GIVEN ENTRIES:
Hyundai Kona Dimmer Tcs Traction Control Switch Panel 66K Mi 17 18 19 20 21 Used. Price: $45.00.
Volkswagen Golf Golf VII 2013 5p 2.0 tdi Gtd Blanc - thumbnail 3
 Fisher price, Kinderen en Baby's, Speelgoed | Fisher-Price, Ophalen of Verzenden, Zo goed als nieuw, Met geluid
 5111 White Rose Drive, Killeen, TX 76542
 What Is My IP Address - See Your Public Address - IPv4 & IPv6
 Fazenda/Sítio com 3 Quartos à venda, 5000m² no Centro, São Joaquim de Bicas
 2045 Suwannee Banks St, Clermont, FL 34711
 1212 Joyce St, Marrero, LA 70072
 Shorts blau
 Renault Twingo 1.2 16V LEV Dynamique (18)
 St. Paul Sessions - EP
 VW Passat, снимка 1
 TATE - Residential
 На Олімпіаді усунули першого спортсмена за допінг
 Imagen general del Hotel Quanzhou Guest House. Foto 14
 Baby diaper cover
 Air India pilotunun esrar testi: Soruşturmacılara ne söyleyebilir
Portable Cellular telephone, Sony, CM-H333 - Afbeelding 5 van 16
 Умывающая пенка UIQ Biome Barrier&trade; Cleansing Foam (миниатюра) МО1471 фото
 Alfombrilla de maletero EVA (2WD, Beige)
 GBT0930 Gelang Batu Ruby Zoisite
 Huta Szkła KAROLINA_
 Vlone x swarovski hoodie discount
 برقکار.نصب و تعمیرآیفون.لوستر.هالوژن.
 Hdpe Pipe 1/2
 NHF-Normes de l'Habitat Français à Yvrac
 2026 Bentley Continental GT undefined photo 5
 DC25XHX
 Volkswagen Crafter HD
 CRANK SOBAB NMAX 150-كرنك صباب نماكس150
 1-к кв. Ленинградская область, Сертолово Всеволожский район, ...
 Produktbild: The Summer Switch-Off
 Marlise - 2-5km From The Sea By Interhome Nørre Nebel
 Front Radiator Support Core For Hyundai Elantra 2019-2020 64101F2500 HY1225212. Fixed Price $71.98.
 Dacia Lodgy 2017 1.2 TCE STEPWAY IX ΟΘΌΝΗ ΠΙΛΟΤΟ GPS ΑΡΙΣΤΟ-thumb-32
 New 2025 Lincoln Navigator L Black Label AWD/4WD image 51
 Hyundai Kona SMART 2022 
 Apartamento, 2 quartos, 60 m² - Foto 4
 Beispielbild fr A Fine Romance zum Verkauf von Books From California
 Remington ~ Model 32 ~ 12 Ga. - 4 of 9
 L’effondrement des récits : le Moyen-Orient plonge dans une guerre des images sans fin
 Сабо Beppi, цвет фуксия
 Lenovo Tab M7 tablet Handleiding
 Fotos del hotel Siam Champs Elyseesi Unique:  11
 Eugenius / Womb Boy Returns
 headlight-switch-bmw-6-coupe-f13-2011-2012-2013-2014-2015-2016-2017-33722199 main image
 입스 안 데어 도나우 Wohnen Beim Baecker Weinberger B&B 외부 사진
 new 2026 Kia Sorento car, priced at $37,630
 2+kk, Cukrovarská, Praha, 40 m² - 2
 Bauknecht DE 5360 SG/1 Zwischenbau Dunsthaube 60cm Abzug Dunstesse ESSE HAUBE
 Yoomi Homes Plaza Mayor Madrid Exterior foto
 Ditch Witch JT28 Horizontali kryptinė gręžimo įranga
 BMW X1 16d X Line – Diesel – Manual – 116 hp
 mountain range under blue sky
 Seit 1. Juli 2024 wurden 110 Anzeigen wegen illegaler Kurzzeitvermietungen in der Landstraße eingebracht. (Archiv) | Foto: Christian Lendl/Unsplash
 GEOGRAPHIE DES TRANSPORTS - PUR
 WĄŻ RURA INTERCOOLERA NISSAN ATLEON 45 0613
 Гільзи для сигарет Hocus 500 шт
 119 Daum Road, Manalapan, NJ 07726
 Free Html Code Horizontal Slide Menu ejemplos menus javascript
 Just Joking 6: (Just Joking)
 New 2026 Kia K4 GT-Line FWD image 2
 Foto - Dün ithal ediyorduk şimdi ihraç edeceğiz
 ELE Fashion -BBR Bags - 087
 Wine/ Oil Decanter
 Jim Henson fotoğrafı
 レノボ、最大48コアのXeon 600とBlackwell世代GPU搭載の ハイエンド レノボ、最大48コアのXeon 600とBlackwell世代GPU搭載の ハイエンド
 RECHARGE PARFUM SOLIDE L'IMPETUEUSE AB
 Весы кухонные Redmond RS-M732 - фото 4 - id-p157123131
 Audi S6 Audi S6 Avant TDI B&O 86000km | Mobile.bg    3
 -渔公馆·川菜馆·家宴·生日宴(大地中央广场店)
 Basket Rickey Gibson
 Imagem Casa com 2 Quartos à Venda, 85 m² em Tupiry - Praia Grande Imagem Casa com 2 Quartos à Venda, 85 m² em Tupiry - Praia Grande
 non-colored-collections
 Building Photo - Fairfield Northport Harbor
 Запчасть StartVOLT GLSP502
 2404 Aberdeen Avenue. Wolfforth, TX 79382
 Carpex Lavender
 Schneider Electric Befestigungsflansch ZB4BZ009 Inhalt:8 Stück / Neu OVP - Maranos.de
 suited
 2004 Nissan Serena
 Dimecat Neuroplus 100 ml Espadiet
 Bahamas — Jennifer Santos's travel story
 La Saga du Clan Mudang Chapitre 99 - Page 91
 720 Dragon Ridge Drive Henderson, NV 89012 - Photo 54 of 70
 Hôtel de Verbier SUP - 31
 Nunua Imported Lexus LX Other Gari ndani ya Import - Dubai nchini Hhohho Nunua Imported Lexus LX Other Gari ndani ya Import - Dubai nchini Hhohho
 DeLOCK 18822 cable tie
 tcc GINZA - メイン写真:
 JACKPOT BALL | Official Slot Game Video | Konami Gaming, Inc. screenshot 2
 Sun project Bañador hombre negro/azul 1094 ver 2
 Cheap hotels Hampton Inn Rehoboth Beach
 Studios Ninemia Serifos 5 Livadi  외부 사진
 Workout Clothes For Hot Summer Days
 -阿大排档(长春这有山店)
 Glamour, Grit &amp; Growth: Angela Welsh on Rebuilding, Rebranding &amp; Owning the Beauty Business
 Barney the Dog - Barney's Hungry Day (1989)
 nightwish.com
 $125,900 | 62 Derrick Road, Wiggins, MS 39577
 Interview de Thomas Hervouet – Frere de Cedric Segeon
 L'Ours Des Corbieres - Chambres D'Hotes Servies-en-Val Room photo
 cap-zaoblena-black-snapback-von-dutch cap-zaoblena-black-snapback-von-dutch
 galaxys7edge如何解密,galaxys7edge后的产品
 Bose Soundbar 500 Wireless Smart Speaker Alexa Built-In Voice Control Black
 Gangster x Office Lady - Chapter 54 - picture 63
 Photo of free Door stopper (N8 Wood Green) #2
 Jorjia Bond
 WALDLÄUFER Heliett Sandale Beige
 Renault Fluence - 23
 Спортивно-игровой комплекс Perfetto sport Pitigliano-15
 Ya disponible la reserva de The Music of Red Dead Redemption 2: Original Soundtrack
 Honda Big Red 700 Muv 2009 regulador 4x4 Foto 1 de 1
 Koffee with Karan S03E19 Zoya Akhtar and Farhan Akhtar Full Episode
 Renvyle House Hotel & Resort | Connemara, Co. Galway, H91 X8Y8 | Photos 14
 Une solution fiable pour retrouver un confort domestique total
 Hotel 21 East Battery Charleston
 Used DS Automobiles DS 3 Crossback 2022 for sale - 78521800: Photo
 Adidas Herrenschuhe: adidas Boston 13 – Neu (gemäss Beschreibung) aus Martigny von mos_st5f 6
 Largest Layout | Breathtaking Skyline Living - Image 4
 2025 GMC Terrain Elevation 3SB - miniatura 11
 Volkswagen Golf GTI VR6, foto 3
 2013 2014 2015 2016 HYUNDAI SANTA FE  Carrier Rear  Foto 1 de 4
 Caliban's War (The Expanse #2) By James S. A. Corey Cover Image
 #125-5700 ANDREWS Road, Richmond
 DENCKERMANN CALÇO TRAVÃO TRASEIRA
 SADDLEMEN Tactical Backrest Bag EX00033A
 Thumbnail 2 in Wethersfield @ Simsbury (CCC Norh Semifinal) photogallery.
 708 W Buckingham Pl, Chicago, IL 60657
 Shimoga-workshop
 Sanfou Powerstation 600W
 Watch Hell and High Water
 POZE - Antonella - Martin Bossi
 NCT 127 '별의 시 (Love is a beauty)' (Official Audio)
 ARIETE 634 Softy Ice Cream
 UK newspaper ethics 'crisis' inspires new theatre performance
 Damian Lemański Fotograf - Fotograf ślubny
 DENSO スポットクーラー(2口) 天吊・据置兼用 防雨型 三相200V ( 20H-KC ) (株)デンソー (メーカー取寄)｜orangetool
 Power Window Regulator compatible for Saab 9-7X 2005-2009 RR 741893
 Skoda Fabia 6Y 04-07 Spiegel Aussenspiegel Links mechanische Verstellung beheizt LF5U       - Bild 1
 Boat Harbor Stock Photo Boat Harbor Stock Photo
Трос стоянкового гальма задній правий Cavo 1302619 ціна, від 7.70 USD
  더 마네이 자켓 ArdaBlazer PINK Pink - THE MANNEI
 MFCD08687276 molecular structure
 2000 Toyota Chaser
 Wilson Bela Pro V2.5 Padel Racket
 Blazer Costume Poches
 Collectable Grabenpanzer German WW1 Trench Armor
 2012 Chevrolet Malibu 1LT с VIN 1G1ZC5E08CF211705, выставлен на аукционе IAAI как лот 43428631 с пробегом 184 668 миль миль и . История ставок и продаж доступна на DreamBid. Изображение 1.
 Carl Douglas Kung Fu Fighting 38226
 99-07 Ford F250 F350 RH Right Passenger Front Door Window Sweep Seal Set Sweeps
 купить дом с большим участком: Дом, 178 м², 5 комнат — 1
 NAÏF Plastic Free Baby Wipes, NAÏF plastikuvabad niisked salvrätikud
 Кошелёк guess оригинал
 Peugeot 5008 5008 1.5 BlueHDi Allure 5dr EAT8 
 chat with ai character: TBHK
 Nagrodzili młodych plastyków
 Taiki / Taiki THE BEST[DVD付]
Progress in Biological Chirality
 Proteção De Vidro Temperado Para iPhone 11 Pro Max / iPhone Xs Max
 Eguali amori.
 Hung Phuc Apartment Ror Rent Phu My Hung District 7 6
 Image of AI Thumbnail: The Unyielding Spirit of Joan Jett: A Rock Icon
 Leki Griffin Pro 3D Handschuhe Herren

ABOUT THIS EXERCISE: Where does the word "Volkswagen" occur in the records? Return every line that holds it.

THE COMPLETED TASK:
Volkswagen Golf Golf VII 2013 5p 2.0 tdi Gtd Blanc - thumbnail 3
 Volkswagen Crafter HD
 Volkswagen Golf GTI VR6, foto 3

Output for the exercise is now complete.